» **TASK ITEM**: Reproduce exactly the lines below, starting at the line that contains "by FactoryRide 1985-1986" and ending with the last line of the records, both included; leave out any pictures.

::: DATA :::

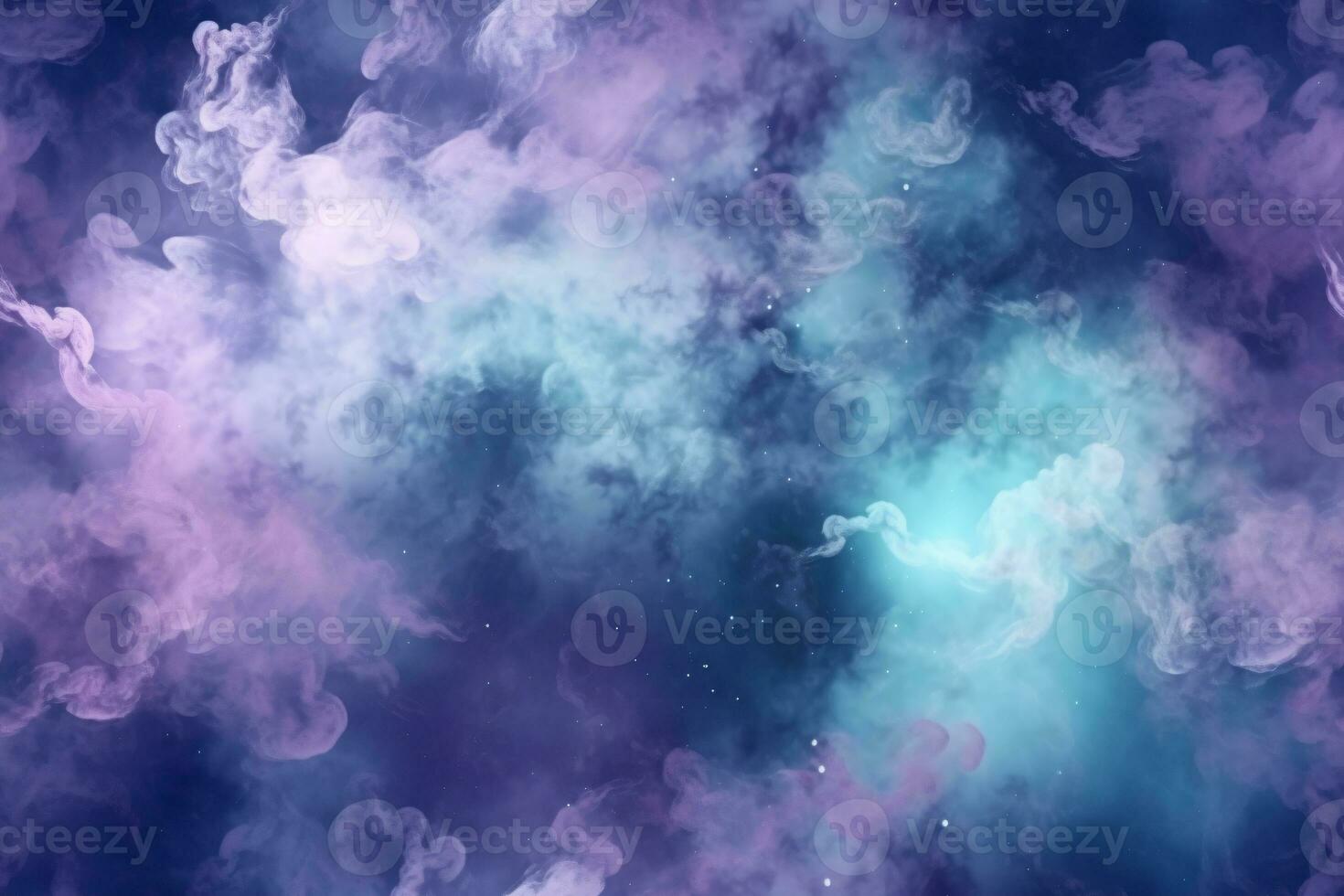 Seamless Galaxy Pattern. Ai generative photo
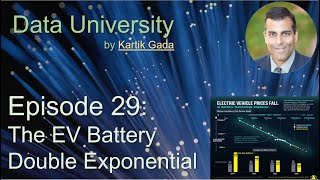 Data University Episode 29 : Battery Technology is Exponential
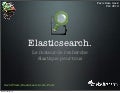 Paris data geek - Elasticsearch
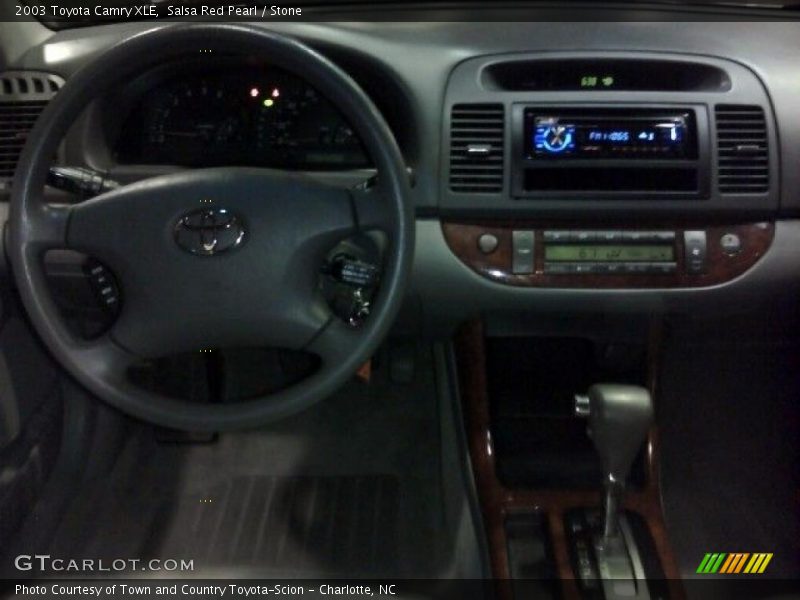Salsa Red Pearl / Stone 2003 Toyota Camry XLE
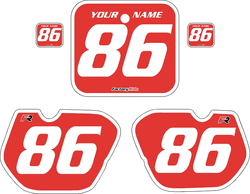 1985-1986 Honda CR500 Pre-Printed Backgrounds Red - White Bold Pinstripe by FactoryRide 1985-1986 Honda CR500 Pre-Printed Backgrounds Red - White Bold Pinstripe by FactoryRide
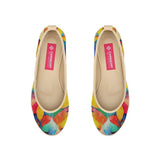 Beige Voyage Round Toe Bright Leaf - CANVAEGYPT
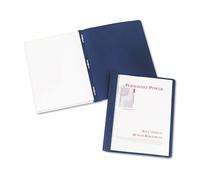 Avery 47961 Couverture de rapport transparente, attaches griffes, capuchon de 1/8 po, bleu, 25/bo te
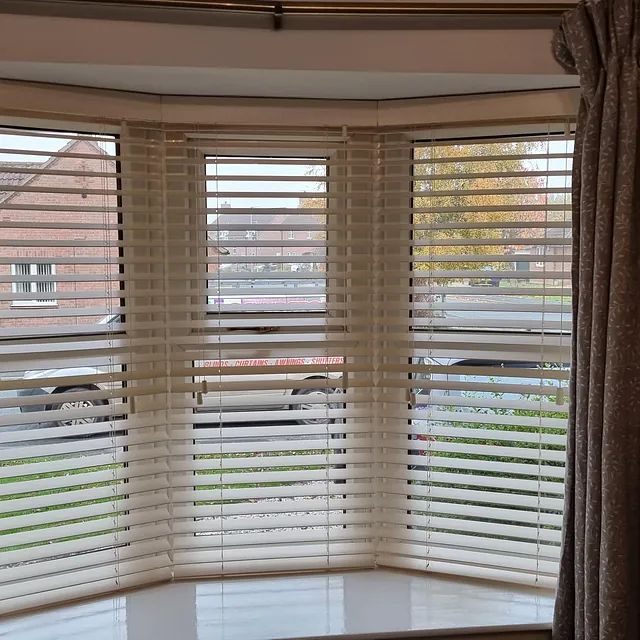 bay window blind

:::

» **OUTPUT OF THE TASK**:
 1985-1986 Honda CR500 Pre-Printed Backgrounds Red - White Bold Pinstripe by FactoryRide 1985-1986 Honda CR500 Pre-Printed Backgrounds Red - White Bold Pinstripe by FactoryRide
 Beige Voyage Round Toe Bright Leaf - CANVAEGYPT
 Avery 47961 Couverture de rapport transparente, attaches griffes, capuchon de 1/8 po, bleu, 25/bo te
 bay window blind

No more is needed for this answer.